Supplied information section start

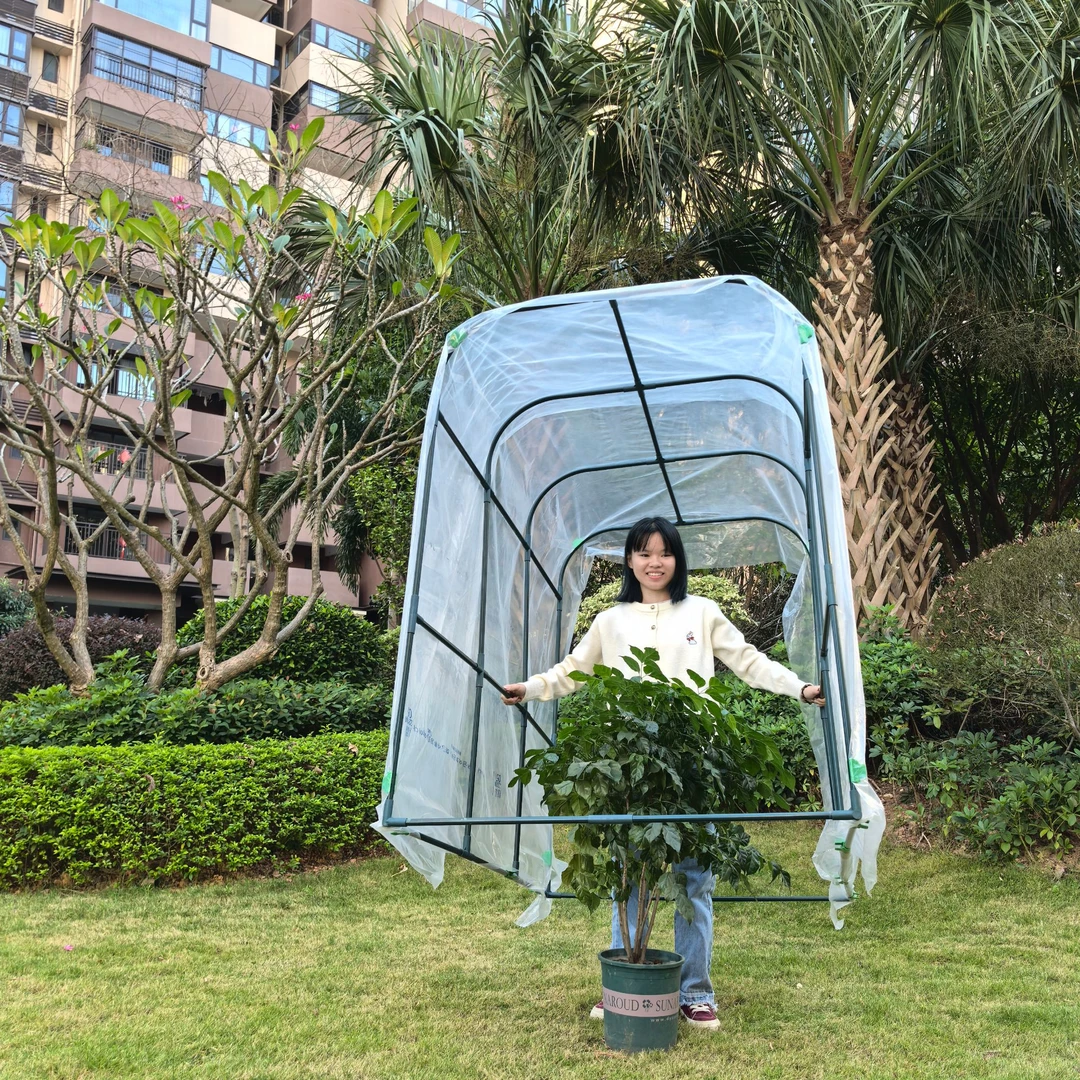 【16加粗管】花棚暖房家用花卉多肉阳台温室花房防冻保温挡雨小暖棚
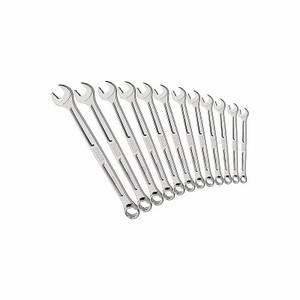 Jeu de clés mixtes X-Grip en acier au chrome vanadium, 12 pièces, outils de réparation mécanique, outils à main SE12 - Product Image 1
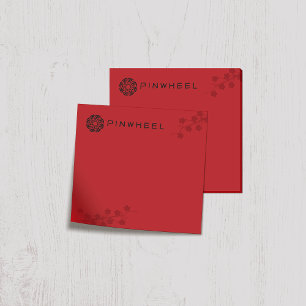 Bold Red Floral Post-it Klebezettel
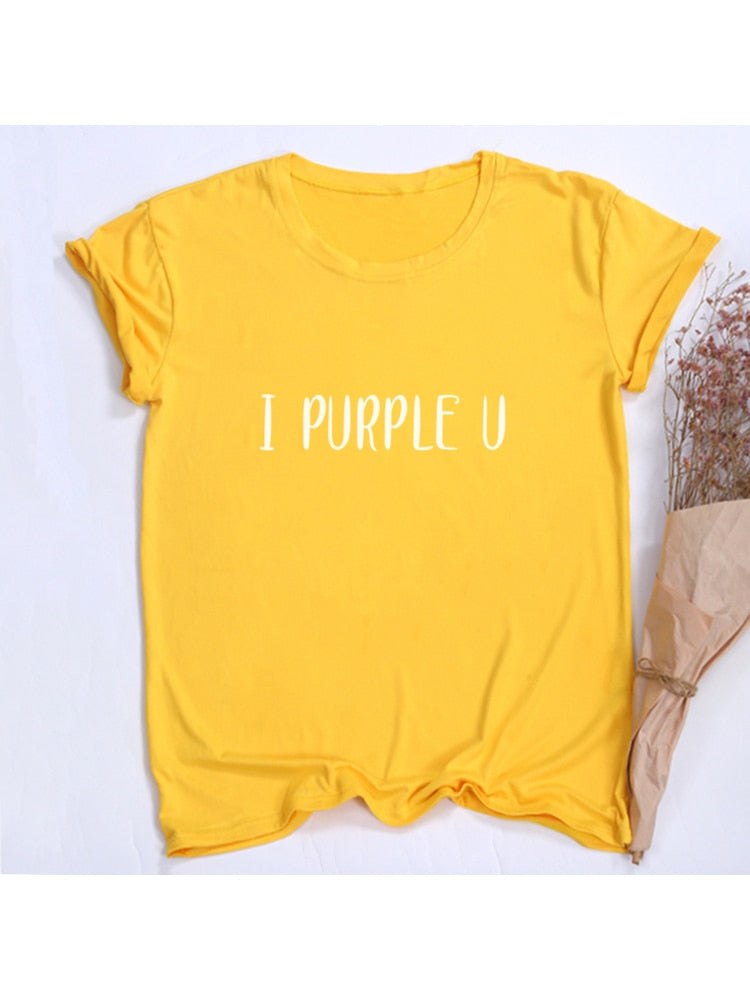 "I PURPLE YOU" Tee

Supplied information section end

Print each line of the listing exactly and include no pictures.

 【16加粗管】花棚暖房家用花卉多肉阳台温室花房防冻保温挡雨小暖棚
 Jeu de clés mixtes X-Grip en acier au chrome vanadium, 12 pièces, outils de réparation mécanique, outils à main SE12 - Product Image 1
 Bold Red Floral Post-it Klebezettel
 "I PURPLE YOU" Tee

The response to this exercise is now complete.